_Work request_.
Please, without any pictures, transcribe the lines from the one holding "Bamboo Muslin Blanket" to the end of the listing, both ends included.

_Data excerpts_.
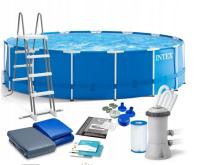 Basen stelażowy okrągły Intex 457 x 457 cm 28242NP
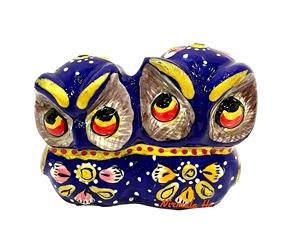 Nirmala Handicrafts - Adorno Decorativo Clásico Hecho a Mano con Forma de Búho de Cristal Colorido, para Estantería, Soporte de TV, Colección - Product Image 1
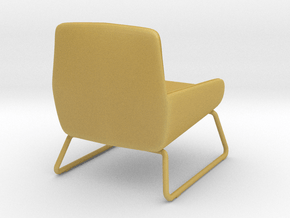 Miniature Fotel Coco Soft Line Chair - MOMA Studio in Tan Fine Detail Plastic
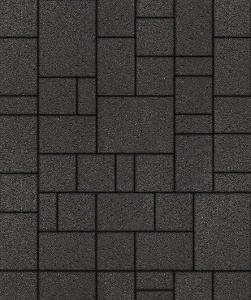 Тротуарные плиты "МЮНХЕН" - Б.2.Фсм.6  Гранит Черный, комплект из 4 видов плит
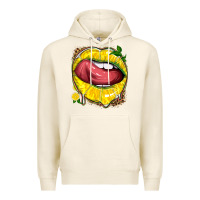 Tofu lemon lips with leopard Premium Hoodie - texasbilliewilder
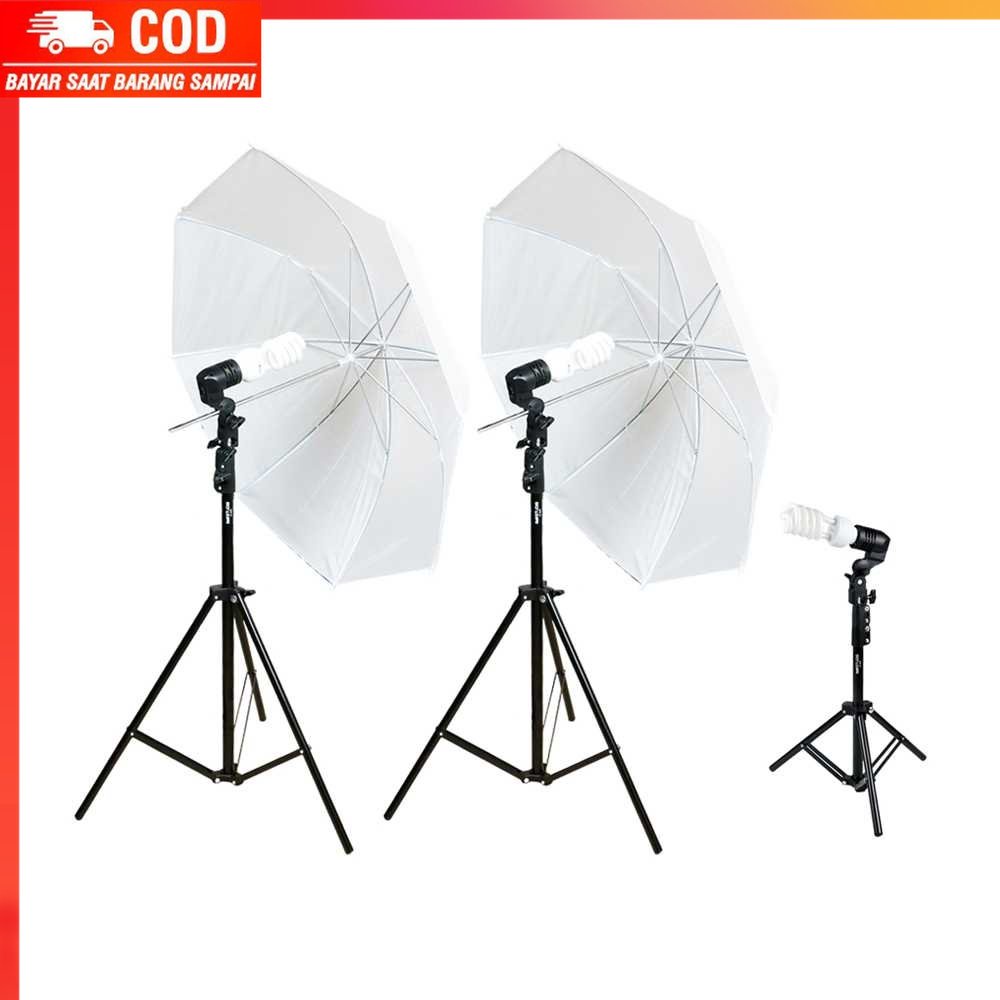 ( 100% BARANG ORI ) TaffSTUDIO Portrait Foto Studio Lighting Kit Youtube Vlog - VL-9004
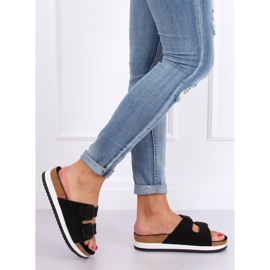 Svarta scholki tofflor SS115P Svart 1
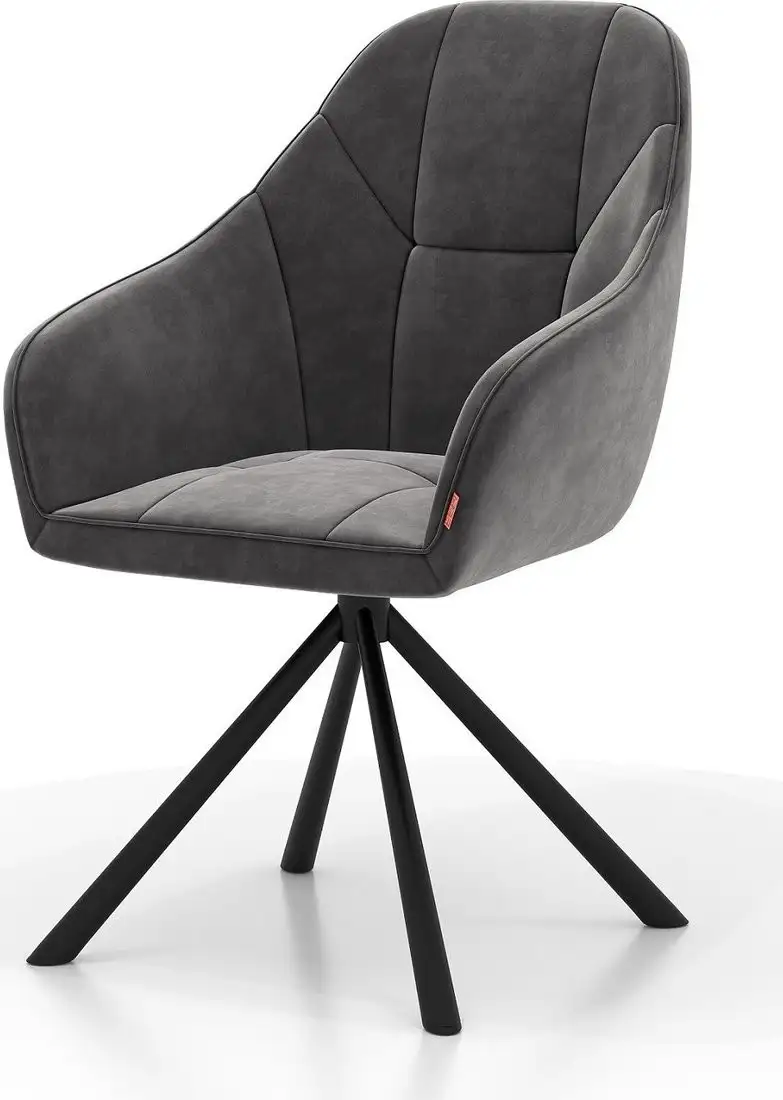 Стул Памир Босс F83 поворотный (серый/черная опора) – фото товара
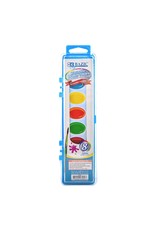 PAINT -  WATERCOLOR WASHABLE  8 COLORS PAN SET WITH BRUSH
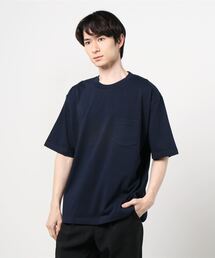 NANO universe | ：超長綿ORGANIC BIG Tシャツ(Tシャツ/カットソー)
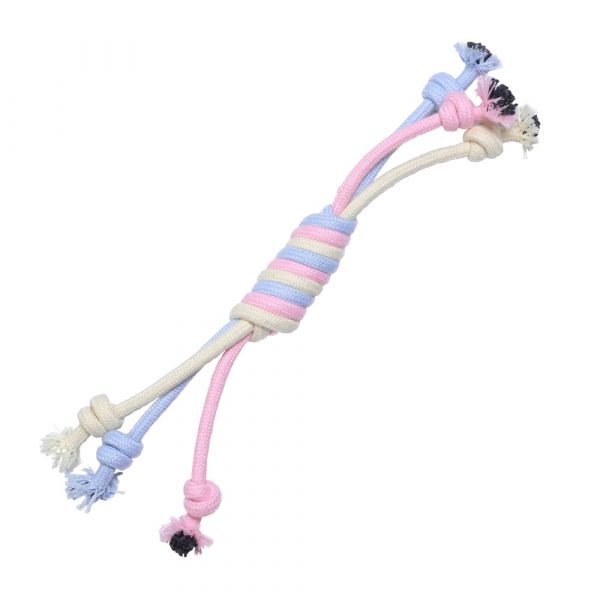 1pc Pets Dogs Pet Toys Cotton Rope Supplies Pet Dog Puppy Cotton Chew Knot Toy Durable Braided Bone Rope Funny Tool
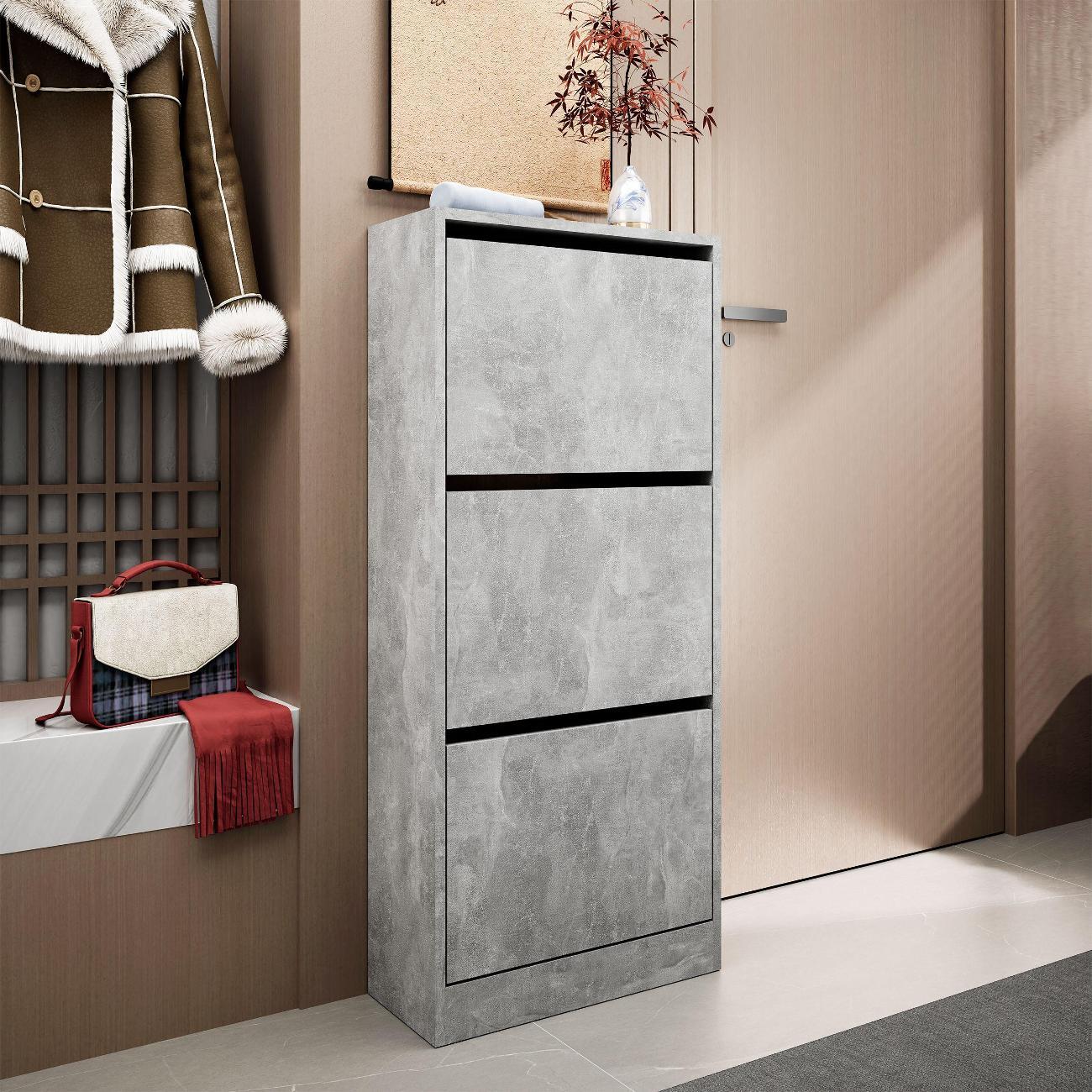 Обувница MFMaster Уно-754 бетон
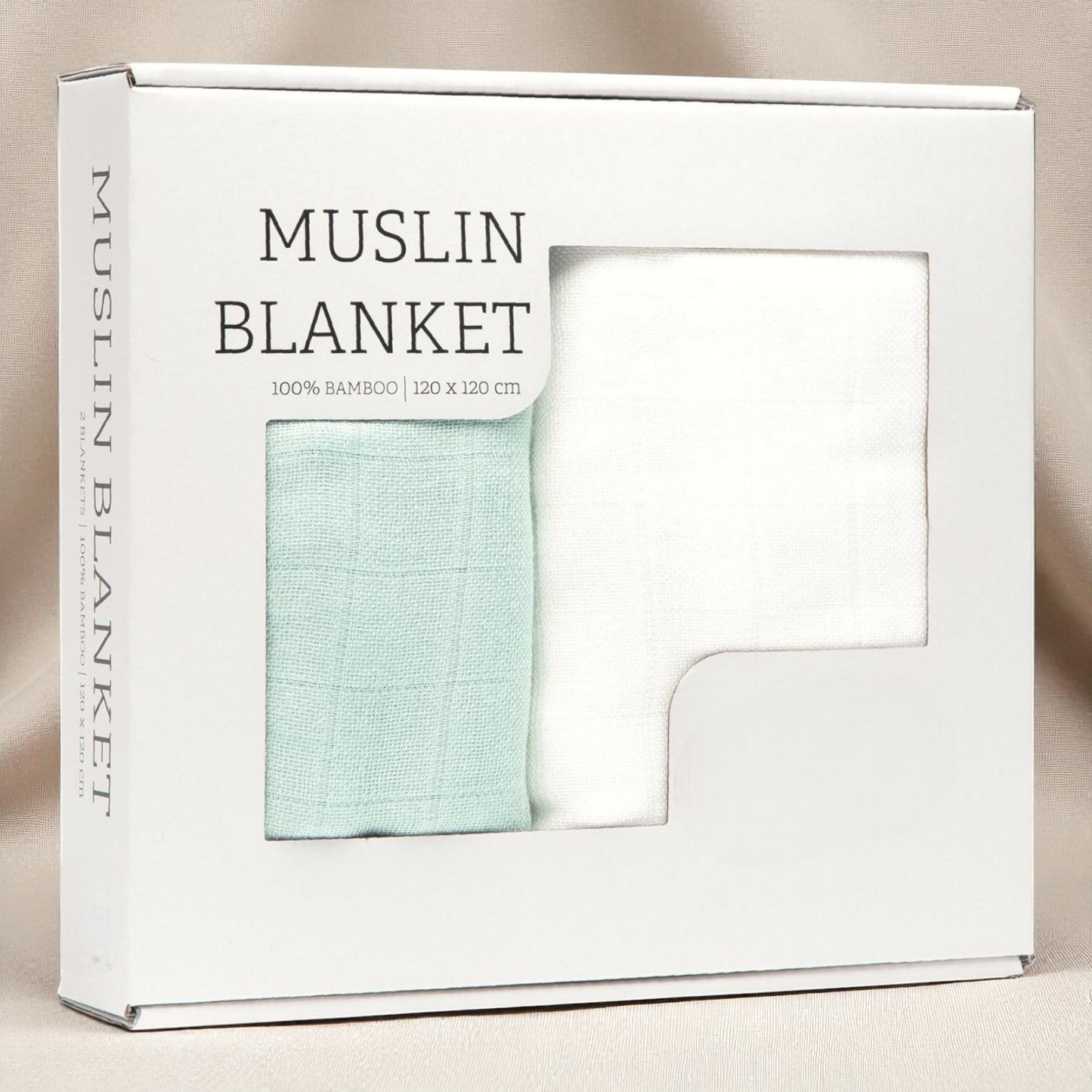 Bamboo Muslin Blanket – Soft Breathable Baby Swaddle With Hypoallergenic Fabric Set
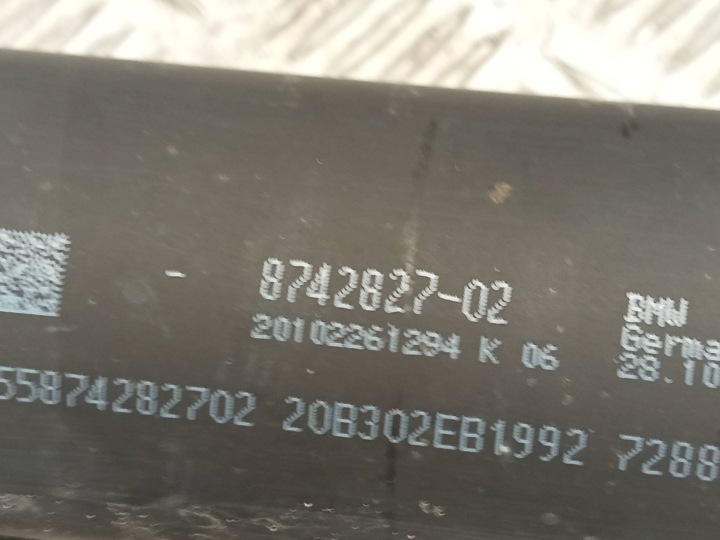 BMW OE 8742827 3' G20 G21 4' G22 G23 G26 ARBRE DE TRANSMISSION
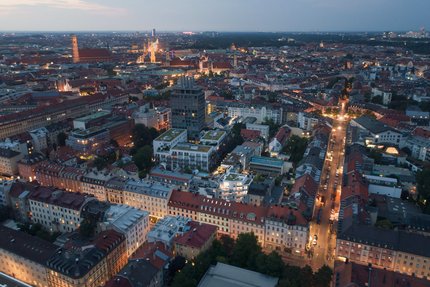 Abendstimmung Glockenbach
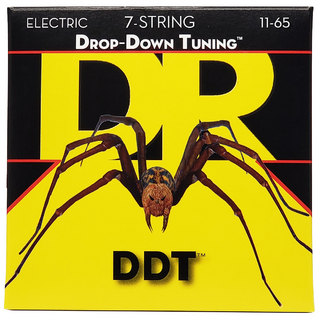DR DR DDT7-11 Medium-Heavy 7-String 011-065 7弦エレキギター弦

_Worked solution_.
 Bamboo Muslin Blanket – Soft Breathable Baby Swaddle With Hypoallergenic Fabric Set
 BMW OE 8742827 3' G20 G21 4' G22 G23 G26 ARBRE DE TRANSMISSION
 Abendstimmung Glockenbach
DR DR DDT7-11 Medium-Heavy 7-String 011-065 7弦エレキギター弦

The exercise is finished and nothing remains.